À savoir que le CCS n’est pas une technologie nouvelle : le captage et l’injection de CO2 dans le sous-sol sont pratiqués depuis des décennies. Cependant, les objectifs fixés par les Accords de Paris pour limiter le réchauffement nécessitent la mise en place d’une industrie CCS à très grande échelle. Il existe aujourd’hui quelques sites de séquestration géologique de CO2 (aux États-Unis, au Canada, ou encore en Norvège par exemple), mais contrairement à ces installations qui extraient le gaz des fumées industrielles, l’usine de Climeworks est la première à proposer la capture directe du CO2 de l’air et son stockage.
Cette usine située non loin de Reykjavík, en Islande, se compose de quatre unités, chacune constituée de deux caisses métalliques (des collecteurs), d’apparence similaire aux conteneurs utilisés pour le transport maritime. Ces collecteurs modulaires peuvent être empilés pour construire des machines de toute taille.
Le processus d’élimination du CO2 s’effectue en deux étapes : tout d’abord, l’air est aspiré dans le collecteur via un ventilateur.
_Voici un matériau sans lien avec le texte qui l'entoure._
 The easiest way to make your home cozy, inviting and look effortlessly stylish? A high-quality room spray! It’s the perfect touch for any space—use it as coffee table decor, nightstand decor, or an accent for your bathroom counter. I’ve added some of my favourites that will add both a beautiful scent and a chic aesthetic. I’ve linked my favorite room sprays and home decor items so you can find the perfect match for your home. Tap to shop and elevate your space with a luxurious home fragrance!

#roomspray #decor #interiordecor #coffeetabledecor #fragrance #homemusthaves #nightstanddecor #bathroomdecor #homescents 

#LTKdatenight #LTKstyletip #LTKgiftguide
Le dioxyde de carbone est alors capturé à la surface d’un matériau filtrant hautement sélectif, qui se trouve à l’intérieur des collecteurs. Puis, une fois que le matériau filtrant est saturé de dioxyde de carbone, le collecteur est fermé. Les opérateurs augmentent ensuite la température dans ce conteneur (jusqu’à 80-100°C), ce qui libère le gaz, soit du dioxyde de carbone pur et de haute concentration, qui peut dès lors être extrait.
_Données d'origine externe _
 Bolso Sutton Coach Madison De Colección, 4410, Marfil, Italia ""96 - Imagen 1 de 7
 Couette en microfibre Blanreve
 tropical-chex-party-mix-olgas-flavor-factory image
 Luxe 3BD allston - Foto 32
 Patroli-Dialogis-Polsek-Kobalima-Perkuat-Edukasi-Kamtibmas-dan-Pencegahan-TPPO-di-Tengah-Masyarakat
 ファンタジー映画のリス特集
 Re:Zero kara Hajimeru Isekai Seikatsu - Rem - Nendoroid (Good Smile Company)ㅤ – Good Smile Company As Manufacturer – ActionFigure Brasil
Climeworks s’appuie ensuite sur l’expertise de Carbfix, spécialiste en minéralisation souterraine rapide du CO2, pour stocker le gaz : le CO2 récolté est mélangé à de l’eau avant d’être injecté à 1000 mètres de profondeur ; grâce à la minéralisation naturelle, le dioxyde de carbone réagit avec le calcium, le magnésium et le fer contenus dans la roche basaltique et finit par se cristalliser.
Du CO2 recyclé en matériaux renouvelables
À noter que les machines de captage sont alimentées uniquement par des énergies renouvelables (fournies par une centrale géothermique proche) ou à partir d’énergie provenant de déchets. Climeworks précise en outre que ses émissions grises sont inférieures à 10%, ce qui signifie que sur 100 tonnes de CO2 traitées par l’installation, au moins 90 tonnes sont définitivement éliminées et seulement jusqu’à 10 tonnes sont réémises.
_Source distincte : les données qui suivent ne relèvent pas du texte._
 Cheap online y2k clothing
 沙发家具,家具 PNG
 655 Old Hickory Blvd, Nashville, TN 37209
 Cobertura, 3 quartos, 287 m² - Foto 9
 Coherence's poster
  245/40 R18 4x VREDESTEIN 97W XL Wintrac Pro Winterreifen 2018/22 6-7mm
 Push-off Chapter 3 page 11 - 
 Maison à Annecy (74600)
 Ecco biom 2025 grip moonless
Si le CCS est largement encouragé par le Groupe d’experts intergouvernemental sur l’évolution du climat, les critiques soutiennent cependant que la technologie est toujours d’un coût prohibitif — notamment l’étape de captage, qui représente 70% des coûts — et pourrait prendre des décennies pour être déployée à grande échelle. Mais cela ne semble pas freiner l’ambition de Climeworks, qui est d’ores et déjà impliqué dans plusieurs projets et partenariats liés au recyclage du CO2. En effet, le CO2 pur récolté par l’entreprise peut être réutilisé pour produire des carburants et des matériaux renouvelables et neutres en carbone.
À noter qu’un autre projet similaire est en cours au Texas, soutenu par la société pétrolière Occidental Petroleum Corp : la société 1PointFive développe elle aussi une installation de captage direct du CO2 ; elle annonce toutefois une capacité d’extraction d’un million de tonnes de CO2 par an ! Le CO2 capturé sera quant à lui stocké sous terre et utilisé pour augmenter la pression dans le champ pétrolifère et ainsi accélérer la production. La construction devrait commencer en 2022.